Keywords: Cancer, Quality of life, Ethiopia
Introduction
Cancer is predicted to be an increasingly important cause of morbidity and mortality in the next few decades, in all regions of the world (1). Within the forecasted changes in population demographics in the next two decades, even if current global cancer rates remain unchanged, the estimated incidence of 12.7 million new cancer cases in 2008 (1) will rise to 21.4 million by 2030(2).
While cancer diagnosis has become more prevalent, it is no longer considered to be a death sentence, but rather a disease that patients must manage and live with. Numerous studies have shown that depression, anxiety, stress and poor quality of life are often psychological consequences of living with cancer, and cancer patients face the double challenge of learning to manage the physical as well as psychological effects of cancer. Moreover, previous studies suggest that depression and poor quality of life have been associated with 5 year survival rates as well as increased mortality due to cancer (3).
Cancer is known to reduce quality of life, and it has been evident that decreased QoL has a negative effect not only on physiological symptoms but also on the psychological functioning of the individual (3, 4). It has also been suggested that determining QoL in cancer patients could contribute to improved treatment and could be as prognostic as medical factors (3) and as the survival benefit that a pharmacological treatment may provide (5). In addition, QoL in cancer patients is an important outcome and is now considered a significant end-point in cancer clinical trials, as proposed by the World Health Organization (WHO) (3).
One study (6) put forward that patients with lower coping capacity reported a higher prevalence of cancer symptoms, experienced higher levels of distress and experience encountered worse perceived health, which in turn decreased the quality of their life. Another study (7) found out that, as survival rates for cancer have improved, quality of life issues have increased in importance. The researchers examined how patient perceptions of the side effects of chemotherapy changed from predominantly physical concerns to psychosocial concerns. Patients undergoing chemotherapy were asked to select side effects from physical and non-physical symptoms, and rank them according to how ‘troublesome’ they were. Despite an extensive list of physical side effects, four of the top six were non-physical (affects my family or partner, loss of hair, constant tiredness, affects my work and/or home duties, affects my social activities, loss of sexual feeling in order of severity) (7).
Ethiopia has a population of more than 84 million people, and is expected to become the ninth most populous country in the world by 2050(8). The growing population coupled with lifestyle changes will mean an increasing burden of cancer. However, oncology services are wholly inadequate; no cancer registry exists, and only one cancer centre, with a handful of doctors and nurses, struggles to serve the entire country (8).
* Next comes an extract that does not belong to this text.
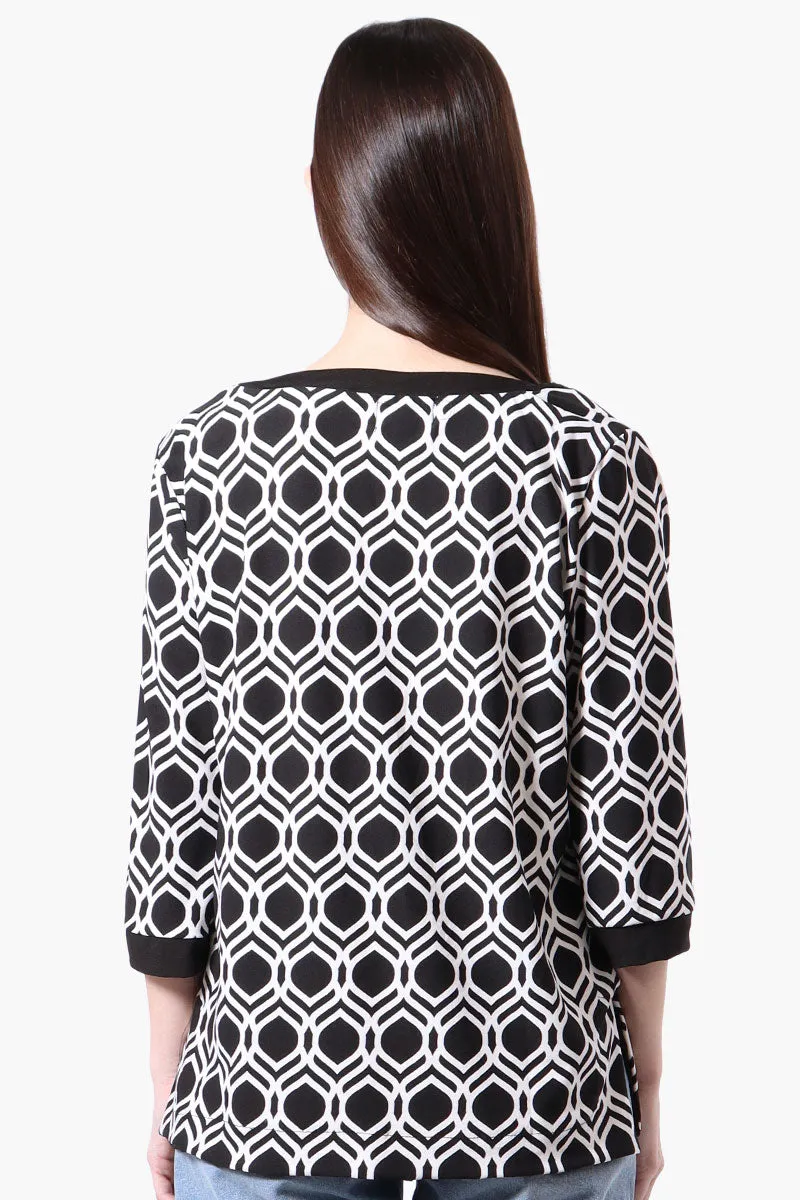 International INC Company Patterned Side Slit 3/4 Sleeve Shirt - Black sold by Fairweather product image thumbnail 3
In Ethiopian, although few researches have conducted to evaluate QoL in some diseases (9), no research has been conducted to evaluate QoL in cancer patients. Considering the increasing prevalence of cancer and its destructive effects on QoL and low local reports pertaining to QoL of cancer patients, this study aimed to evaluate QoL of adult cancer patients. Results of this investigation are believed to provide a foundation for interventions to improve QoL among patients with cancer.
Methods
The study setting and samples: The study was conducted at TASRH from March to May 2013.TASRH was chosen since it is currently the only hospital which provides cancer therapy. Sample size was determined using single population proportion formula. During the study, those patients who have been diagnosed with any type of cancer, 18 years and older, had at least 6 months duration of cancer diagnosis, able to understand Amharic and had no other serious debilitating co-morbidity were included by random selection.
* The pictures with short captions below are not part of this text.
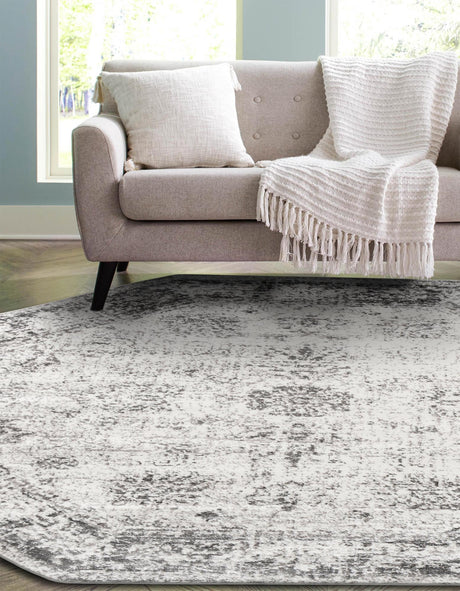 Gray 7' 10 x 7' 10 Sofia Octagon Area Rug Durable Easy Clean Stain Resistant Unique Carpet for Affordable Interior Home Design for Sale at Rug Engine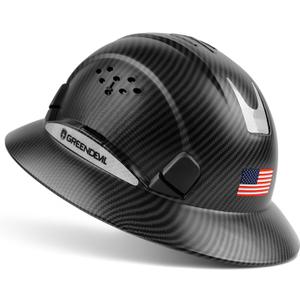 GREEN DEVIL Full Brim Hard Hat Vented Construction Safety Helmet OSHA Approved Cascos De Construccion ABS Work Hardhat for Men&Women 6 Point Adjustable Ratchet Suspension Custom Pattern Design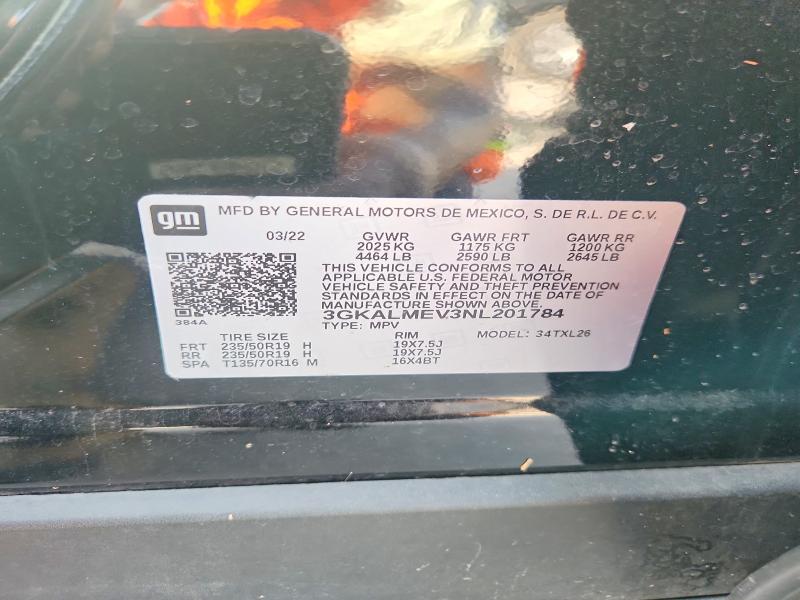 Aukcja sprzedaży 2022 Gmc Terrain, vin: 3GKALMEV3NL201784, numer aukcji: 61891086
Data collection instrument: Data on QoL was collected by trained nurses through face-to-face interview using the Amharic version of EORTC QLQ-C30 (10).The EORTC QLQ-C30 is a 30-item questionnaire composed of 5 multi-item functional subscales: physical, role, emotional, social and cognitive functioning; three multi-item symptom scales measuring fatigue, pain, and emesis; a global health status subscale; and six single items to assess financial impact and symptoms such as dyspnea, sleep disturbance, appetite, diarrhea, and constipation. Variables related to socio-demography and clinical information as cancer type, time since diagnosis, type of therapy and number of chemotherapy sessions were extracted from charts in the oncology unit.
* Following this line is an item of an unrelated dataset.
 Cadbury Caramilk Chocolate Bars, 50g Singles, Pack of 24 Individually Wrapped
Data management and analysis: Data were cleaned, coded, and entered into Microsoft Office Excel 2007, Epi-info version 3.5.1 software and then exported to SPSS Version 17.0 for analysis. Domain scores in EORTC QLQ-C30 which measures a functional scale and global health status were recorded so that higher scores reflected better QoL and a high score for a symptom scale represented a high level problem. The raw scores were transformed to scores ranging from 0 to 100. The use of these transformed scores has several advantages (10). Transformed scores may be difficult to interpret; however, there are a number of ways to ease the interpretation of QLQ-C30 results. It is possible to report the raw scores in addition to the transformed scores. For example, it may be clinically relevant to know the proportion of patients that are ‘Quite a bit’ or ‘Very much’ constipated, but this study presents transformed results to comply with the word limit of this journal.
Linear transformation to 0–100 to obtain the score S, has been done by using the following formula (10).
Raw score- RS= (I1+I2+….In)/n
Linear transformation-Apply the linear transformation to 0–100 to obtain the score S,
There are no existing data for the EORTC QLQ-C30 scales to indicate the threshold scores that are likely to mean significant impairment. Therefore, in this study, after transformation of each domain was dichotomized into “Affected at any degree” and “Not affected at all” in which a score below 75 for functional and global health (QoL) scales are used as affected and scores above 25 have been used as affected for symptom scales.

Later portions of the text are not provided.